CTM61535 - Close companies: loans to participators: extended meaning of loan: debts
CTA10/S455 (4), CTA10/S456 (2)
Cases in which a close company is to be regarded as making a loan to any person include where:
- the person incurs a debt to the close company (CTA10/S455 (4) (a))
- a debt due from the person to a third party is assigned to the close company (CTA10/S455 (4) (b))
However, they do not include cases where:
- the person incurs a debt to the close company, and
- that debt is incurred for the supply by the close company of goods and services in the ordinary course of its trade or business, and
- the credit given by the company to that person does not exceed six months or the period of credit normally given to the company’s customers, whichever is the shorter (CTA10/456 (2))

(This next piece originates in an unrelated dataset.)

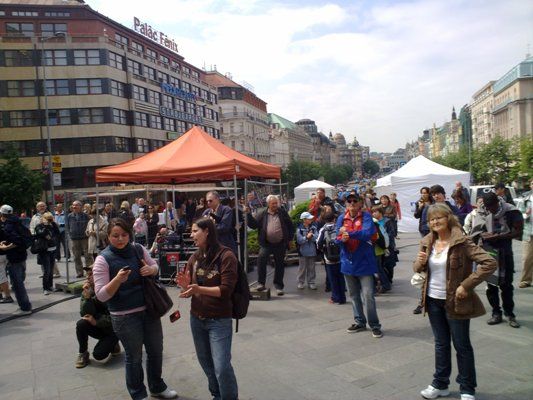 Diváků je zatím hrstka. | Foto: Michal Štůsek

The presumption is that a debt is incurred at the time the goods are delivered or the services are provided and credit runs from that time until payment. This view was endorsed by the High Court in the case of Grant v Watton 71TC333, where Mr Justice Pumfrey said at page 8:
In my judgment the word “incurred” is apt to describe the point in time at which the debtor became legally committed to some future expenditure, albeit unascertained. If the debtor knows in respect of a service which he has received that he will have to pay for that service on some date in the future, if he has not already done so, I believe that in the ordinary sense of the words he has incurred a debt, albeit that the debt will not be due until that future date and although its quantum may not be capable of ascertainment…
CTA10/S455 (4) (b) is not aimed at every ‘assignment’. It applies where a third party assigns a debt to the close company for consideration. In law, a debtor cannot assign a liability; it has to be the creditor who does the ‘assignment’. Therefore the sub-section only applies where, for example:
- Company A, a third party, loans money to Mr X who is a participator in Company B, and
- Company A then assigns the debt owed to Company B ‘for consideration’
Mr X, the debtor, now has to pay his debt to Company B rather than Company A. Company A has received consideration rather than the debt. As, contractually, Mr X is still obligated to Company A (there has not been a novation), he has not incurred a debt to Company B so Section 455 (4) (a) could not apply - Section 455 (4) (b) was introduced to cover this eventuality.
Where a liability is ‘assigned’, and the arrangements do not amount to a novation (see CTM61605), Section 455 (4) (b) cannot apply. In the above example if Mr X and Company B come to an agreement that the company rather than Mr X will pay the debt to Company A, Section 455 (4) (b) does not apply because the creditor has not assigned it. There is no novation as not all parties have agreed. However if a debt arises when Company B makes payments to Company A (e.g. Mr X’s loan account becomes overdrawn), Section 455 (4) (a) could apply, or the payments might amount to remuneration or a distribution in the hands of Mr X. The exact outcome will depend on the facts.